C’est la Divine Comédie renversée. Ce que le catholicisme latin avait mis en haut sera mis en bas par le panthéisme germain. Le progrès humain ne se développe plus en hauteur, mais en profondeur. Faust abandonne le ciel de la spéculation métaphysique pour le monde des réalités sensibles, au-dessous duquel sa pensée « rapide et calculée » poursuit son mouvement de descente vers les régions obscures des élémens naturels et des premiers principes : tel est son enfer à lui. C’est le monde des forces inconnues qu’étudie la science, l’abîme souterrain où s’enflent les sources du devenir. Notons que Flaubert, dans sa Tentation de saint Antoine, — vraisemblablement sous l’influence de Goethe, — a suivi une marche parallèle. Son anachorète, parti des suprêmes hauteurs théologiques, après avoir traversé les extravagances des hérésiarques, succombe finalement à une sorte de fascination du monde inférieur.

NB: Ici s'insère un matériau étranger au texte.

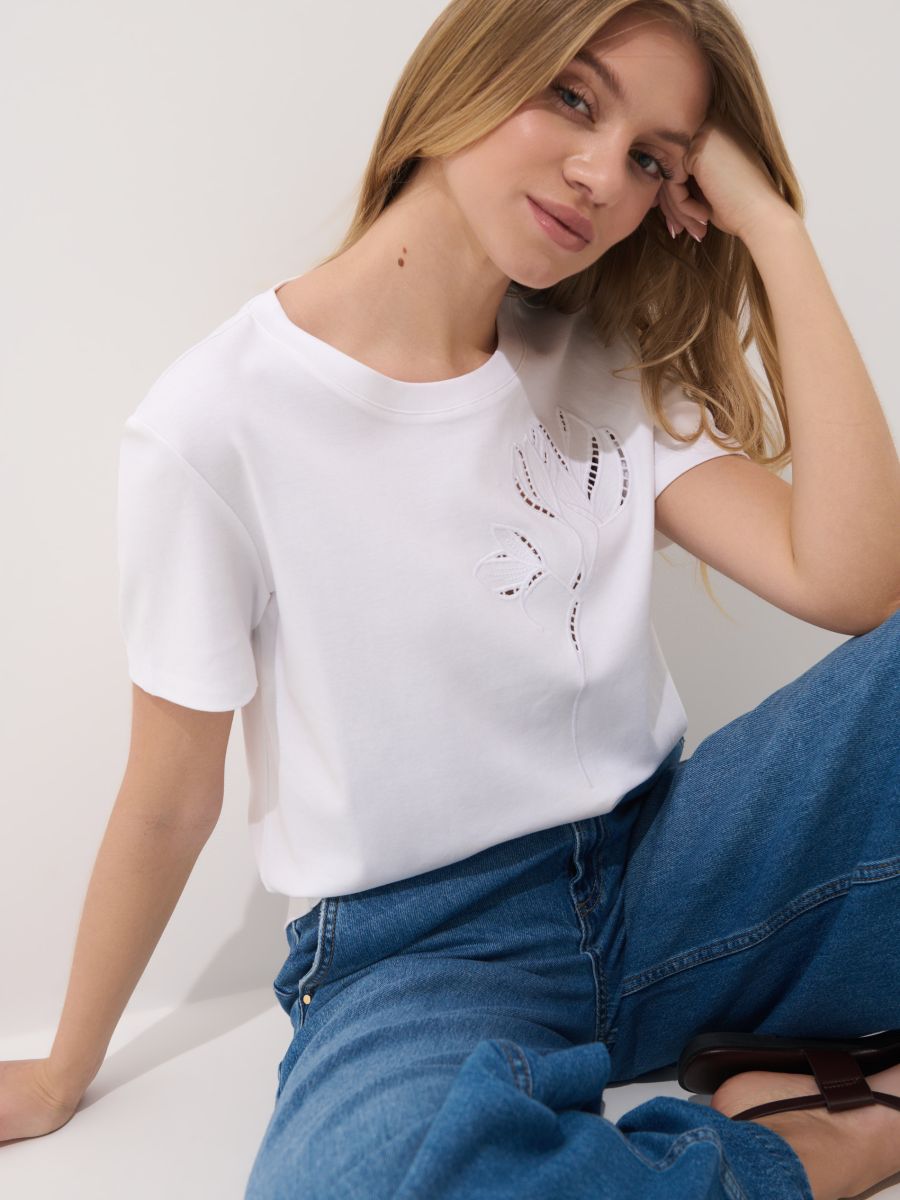 LADIES` T-SHIRT-image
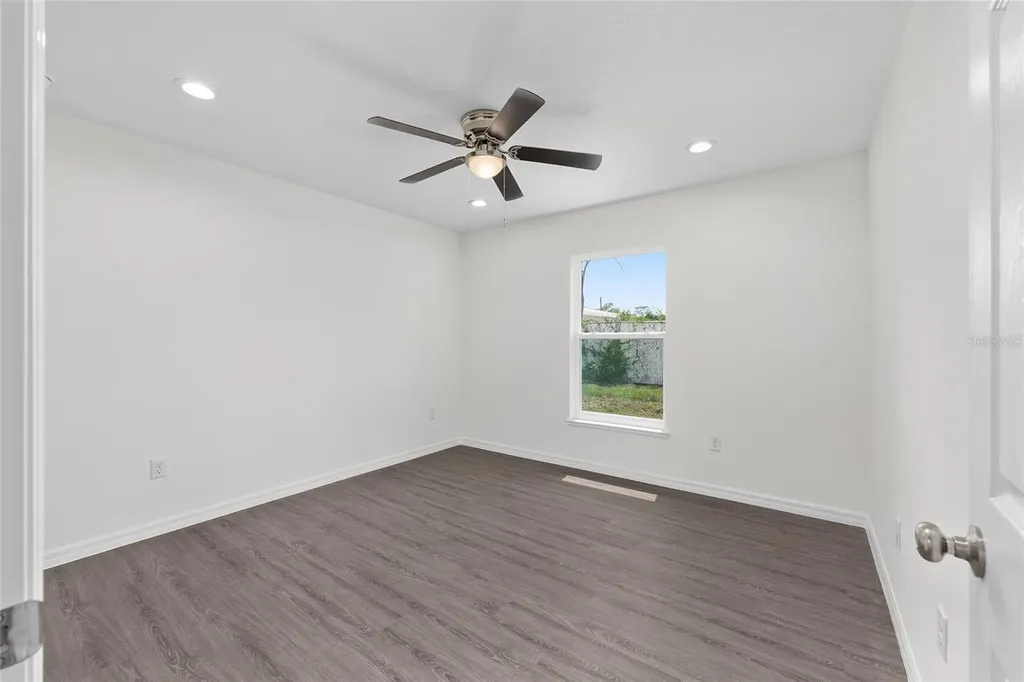 654 NE 130th Court Silver Springs FL 34488
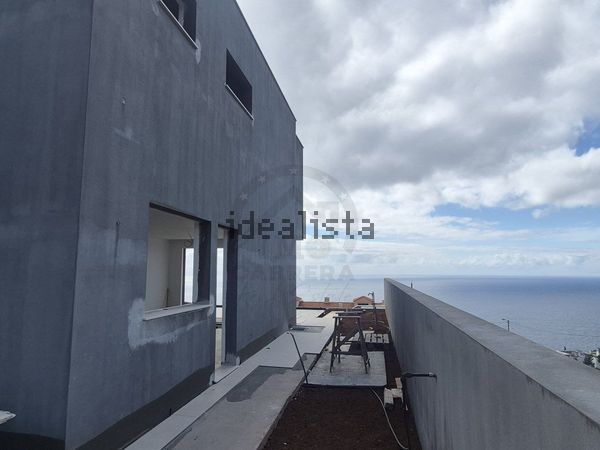 3-bedroom freehold villa in Santa Cruz/Caniço — photo 4 of 5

Il aspire à se fondre dans le grand Tout, à devenir Matière, à « être la matière. » Faust, parvenu à son étape finale, aspire, il est vrai, à devenir Esprit. Mais ce n’est là qu’une question de mots. Au fond, le désir des deux héros est pareil. Spinosistes l’un et l’autre, ils croient à l’identité de l’Esprit et de la Matière, les deux faces de la substance unique, qui est divine.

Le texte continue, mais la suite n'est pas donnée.